What makes this line of work interesting is that using other molecular biology methods the original paper authors were able to delete the dopamine by genetically blocking the function of tyrosine hydroxylase (TH in the diagram) but not glutamate. They then showed in a classical electrical self-stimulation reward behavioral paradigm that mice still found the stimulation rewarding. In an even more interesting finding they showed that stimulating this pathway produced in a classical place-preference reward behavioral paradigm produced the opposite. Mice showed place-avoidance or aversion.
What does this result tell us? How can the VTA be in charge of aversion which shapes behavior away from stimuli not toward them as reward does? This adds to the story of why the PFC and VTA have a glutamate pathway between them – to allow for this feeling to be the product of both and not just the VTA. Notice in the above diagram the VTA seems to suggest that the motivation that we have for a reward-associated stimulus, may be different from the pleasure we have once a task is complete and a reward is successfully obtained.
We can also look closer at the neurotransmitter in the VGluT2 system, shown in the figure above and discussed in the paper, and notice that it meditates dopamine storage within the vesicles of the accumbens. In doing this, we can see that it controls the glutamate-dopamine releases. We can infer that this release, and the VGluT2’s role in it, affects the motivation effect on one’s brain. As seen in the figure, the reinforcement, whether it be through place preference or place aversion, is brought to the VTA through the dopamine, glutamate, and GABA neurons. We know that the VGluT2 system in the nucleus accumbens in that diagram just above uses glutamate entry to enhance storage and co-release, showing that this is coming from the dopaminergic parts of the accumbens, and could mean that the reinforcement of motivation is coming from those same neurons firing in the accumbens.

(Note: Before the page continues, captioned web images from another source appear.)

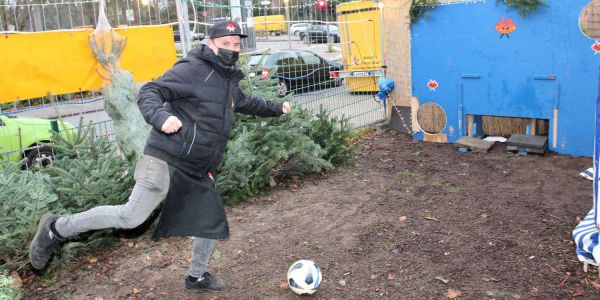 Bruzzelhütte: Beim Schießen auf die Torwand winkt ein Weihnachtsbaum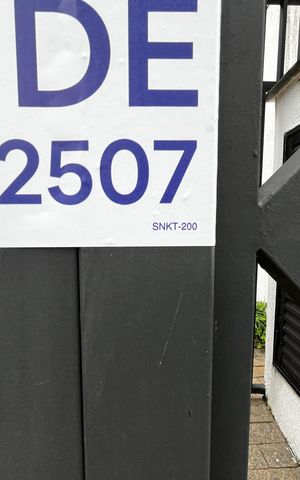 Casa à venda com 364m², 3 quartos e 6 vagas Casa à venda com 364m², 3 quartos e 6 vagasFachada / Placa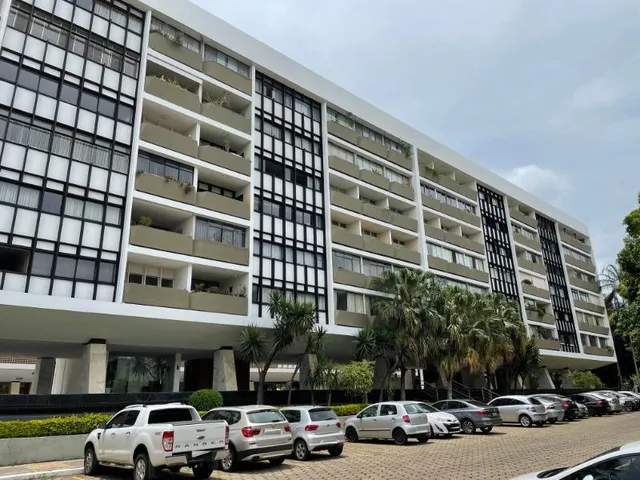 Imagem 7: VENDA - SQS 316 - APARTAMENTO DE CANTO - 247 M² - 4 QUARTOS - 2 SUÍTES - NASCENTE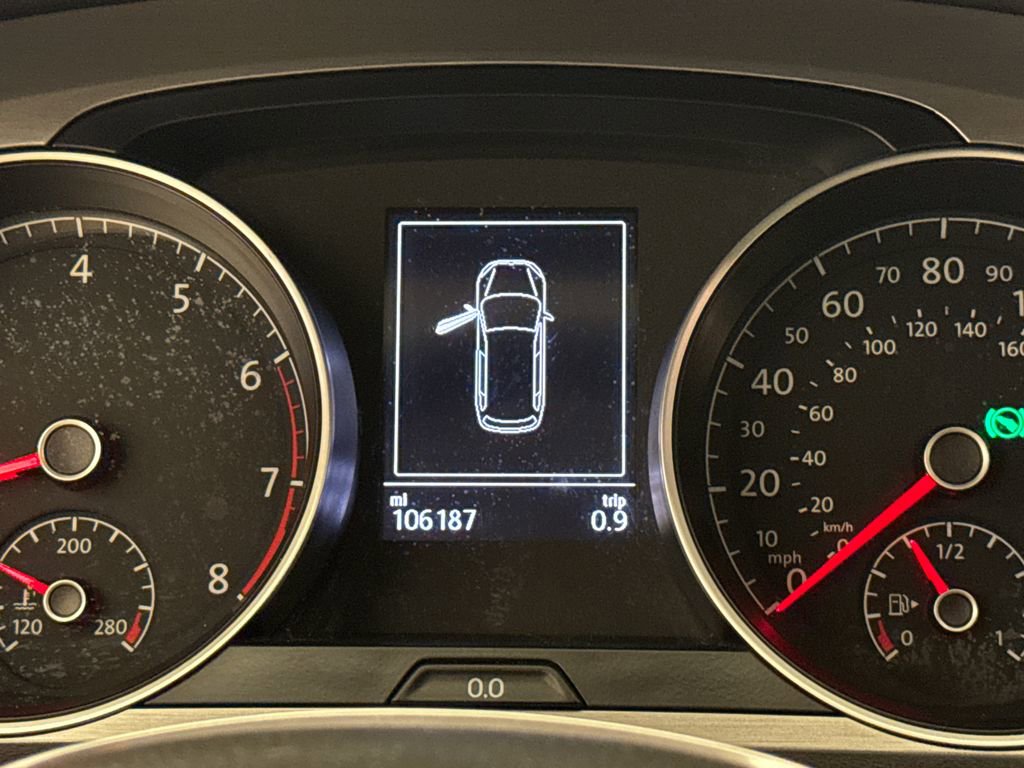 Used 2016 Volkswagen Golf S image 28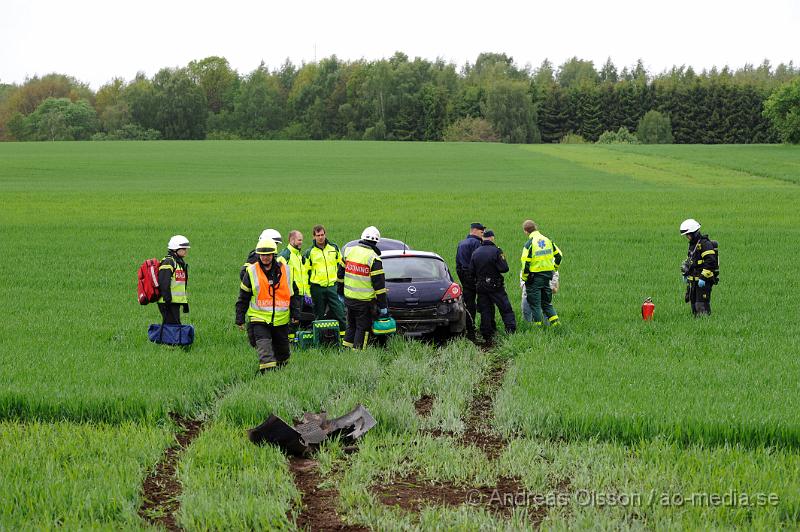 _DSC8982.JPG - Vid 09.40 tiden larmades räddningstjänsten, ambulans och Polis till rondellen vid väg 21/väg 13 där en personbil av oklar anledning kört av vägen och ut på en åker. Det är precis vid rondellen och hur olyckan har gått till är oklart. En person färdades i bilden men fick inga allvarligare skador, men följde med Ambulansen till sjukhuset för kontroll.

To paraphrase the old political slogan of “It’s the economy, stupid.”, we would say here that “It’s the loops stupid.” While this does not help us understand the deep and specific connections between the amygdala and the PFC or the accumbens and the PFC, and it does not help us understand how the PFC brings emotionally negative and positive input into doing its job of planning and emotional regulation, it is a start. Recurrent neural circuit loops also are a favorite device of the nervous system for behavioral regulation and computation. Finally, we need to look at how the PFC as a special 6-layered cortical region (and other brain areas such as the anterior cingulate cortex or the insular cortex) represent these emotions inputs from the limbic system so they can enter the value proposition. Remember, this blog is about how learning from experience in college complements the learning of facts and theories from the classroom to make students more mature and even wiser about their chosen fields of study. These mechanisms are probably at work here even if we tend to be more aware of the explicit learning from the classroom than the implicit learning from the direct workplace or other experiential site of knowledge application.